Primary structure of bovine thyroglobulin deduced from the sequence of its 8,431-base complementary DNA

Abstract

In mammals, an adequate supply of thyroid hormones is essential for normal growth and neurological development. The biosynthesis of thyroid hormones involves an iodinated precursor protein, thyroglobulin, which may be considered an extreme example of a pro-hormone. Thyroglobulin is a dimeric glycoprotein of relative molecular mass (Mr) 660,000 (660K), which is secreted by the thyrocyte and stored in the lumen of the thyroid follicle. The hormonogenic reaction is extracellular, and involves iodination of tyrosyl residues of thyroglobulin and the intramolecular coupling of a subset of these into thyroxine (T4) and triiodothyronine (T3), which remain part of the polypeptide chain. Secretion of hormones results from the endocytosis of thyroglobulin followed by its complete hydrolysis in lysosomes.
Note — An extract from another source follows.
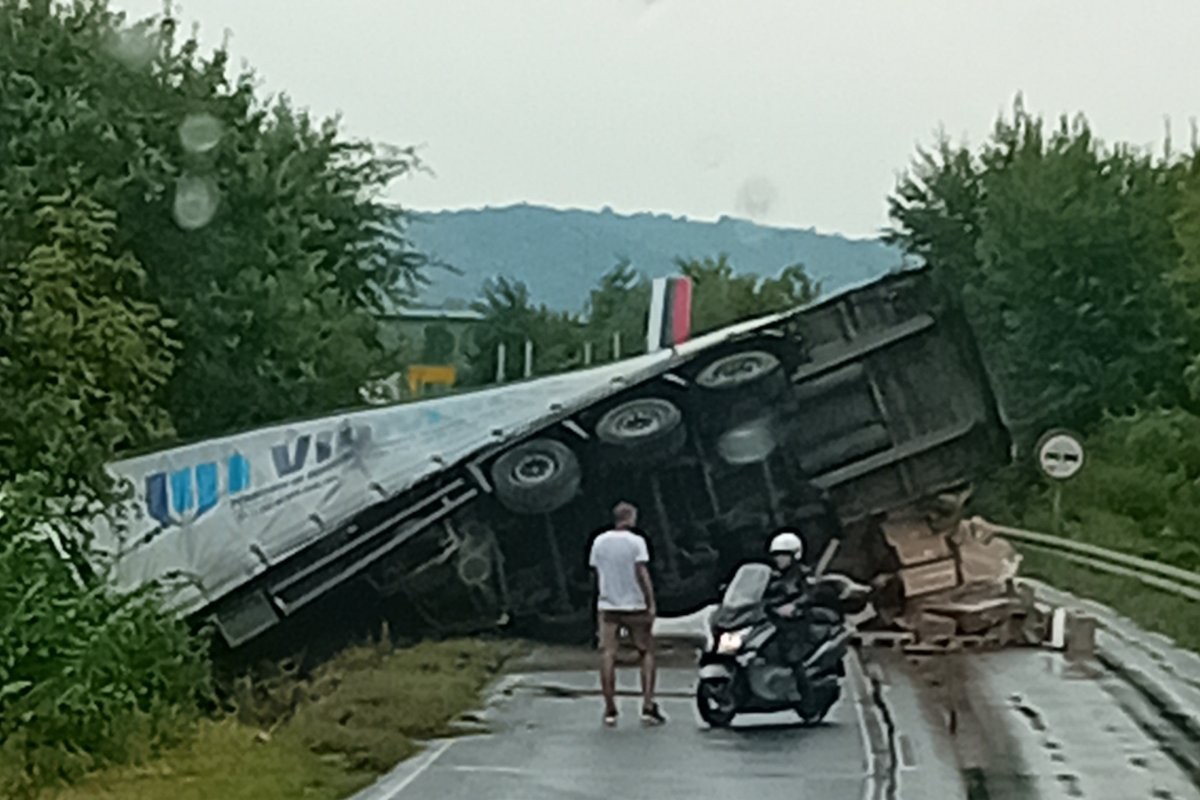Prevrnuo se šleper u Doboju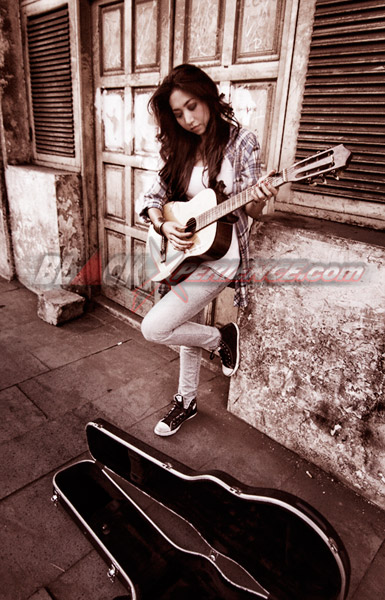 Dheasy, Ekspresikan Diri Sebagai Musisi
Considering that the maximum yield of hormones is approximately 6-8 per 660K protein, the whole process is apparently wasteful. However, the efficiency of thyroglobulin as a thyroid hormone precursor is extremely high when the supply of iodine is short; in such conditions, almost all the iodine incorporated is found in iodothyronine. Hence it is suggested that the thyroglobulin structure has evolved to allow for the preferential and efficient iodination and coupling of the hormonogenic tyrosines. Here we report the complete primary structure of bovine thyroglobulin, derived from the sequence of its 8,431-base-pair complementary DNA. The 2,769-amino-acid sequence is characterized by a pattern of imperfect repeats derived from three cysteine-rich motifs. Four hormonogenic tyrosines have been precisely localized near the amino and carboxyl ends of the protein.